The Minister may order holders to sell gold, foreign credit, foreign currency or foreign securities to a competent officer or designated person at a set rate, and the order must be obeyed within the time stated. This surrender power historically underpinned mandatory conversion of inbound funds into baht.

Section 6/1: Cross-border cash declaration (AML/CFT)

For anti-money-laundering and counter-terrorist-financing purposes, the Minister may regulate carrying currency, foreign currency and negotiable instruments into or out of the country, treating them as goods under the Customs laws. Travellers physically importing or exporting cash above set limits must declare it, which matters for buyers who consider hand-carrying funds.

Section 7: Competent officers and document demands

The Minister appoints competent officers and fixes their powers, including the right to demand production of relevant books, accounts and documents. This audit authority supports verification that a foreign buyer's funds genuinely originated abroad and were converted through proper channels.

Section 7 bis: Bank of Thailand as administering authority

Once the Minister entrusts execution of the Act to the Bank of Thailand, its Governor may appoint Bank officers as competent officers. This is why the day-to-day exchange-control rules, including the form used for property purchases, are issued and supervised by the Bank of Thailand rather than directly by the Ministry.

Section 8: Penalties for non-compliance

Anyone who breaches the regulations, notifications or directions issued under the Act faces a fine of up to 20,000 baht, imprisonment of up to three years, or both.
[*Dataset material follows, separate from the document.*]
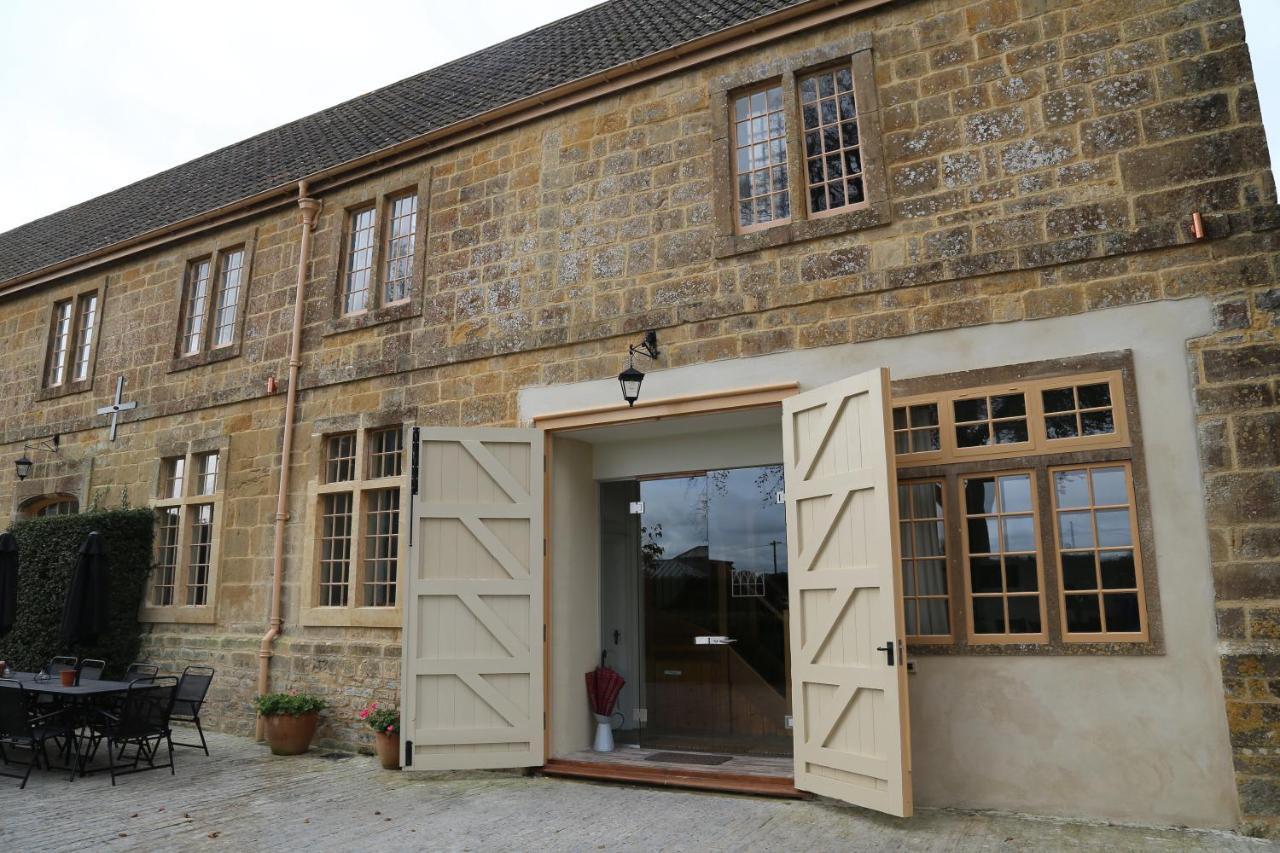 North Cadbury Court Coach Houses Extérieur photo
Misreporting the purpose or origin of an inbound property transfer, or using improper channels, can therefore carry criminal exposure.
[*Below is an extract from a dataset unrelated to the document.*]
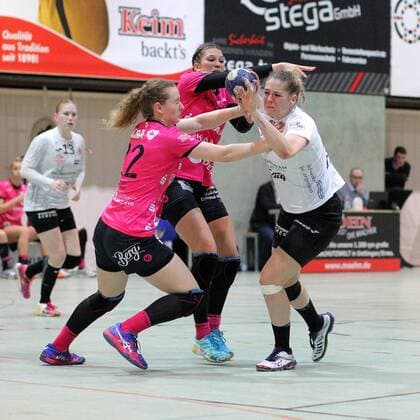 4 Beate Scheffknecht Thueringer HC 22 Maren Weigel TusSis Metzingen left 93 Julia Behnke TusSis Metzingen right Handball 1 HBF TusSies Metzingen vs Thueringer HC 2018 03 17 Metzingen Copyright: xEIBNER SebastianxBaurx EP_SBAUR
Section 8 bis: Currency treated as restricted goods under Customs law

To curb unauthorized cross-border movement of money, currency, foreign currency, foreign banknotes and securities are deemed goods under the Customs laws. Moving them in breach of the rules counts as dealing in restricted articles, exposing the goods to seizure and the person to Customs enforcement, search and prosecution.

FET-Form-Reg-19: FET Form (formerly Tor.Tor.3) required for foreign condo registration

Under regulations made beneath the Act and the Condominium Act, a foreigner must bring the full price into Thailand in foreign currency. The authorized bank issues a Foreign Exchange Transaction Form (formerly the Tor.Tor.3) recording the conversion to baht. The Land Office requires this form to register the unit in a foreign name.
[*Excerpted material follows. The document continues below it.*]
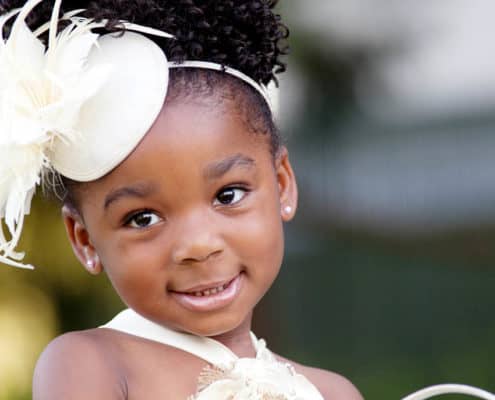 flower girl walking down the isle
FET-Threshold-USD50k: Mandatory FET reporting threshold and stated purpose

By Bank of Thailand rules, any inbound foreign-currency transaction at or above the equivalent of USD 50,000 must be reported and documented on the Foreign Exchange Transaction Form. The remittance should state purchase of a condominium as its purpose and name the buyer, so the funds match the unit being registered.

FET-Buyer-Name-Match: Funds must show the buyer as sender or recipient

The transferred funds must identify the foreign buyer as sender or beneficiary, and the FET Form must reflect that name. Baht-only transfers from inside Thailand do not qualify a foreigner for ownership registration. Where price is split, several FET records together must cover the full amount paid for the unit.

FET-Repatriation: Repatriation of sale proceeds abroad

When the foreign owner later sells, the original FET Form (or Tor.Tor.3) supports lawful repatriation of the proceeds in foreign currency. The bank typically asks for the FET evidence plus the Land Office sale contract, tax receipt, title deed copy and passport, confirming the original inflow before allowing funds to leave.

Section 9: Minister of Finance administers the Act

The Minister of Finance is in charge of executing the Act and may issue Ministerial Regulations to carry out its provisions, effective on publication in the Government Gazette. This confirms that detailed exchange-control rules affecting property buyers derive their force from this short framework statute.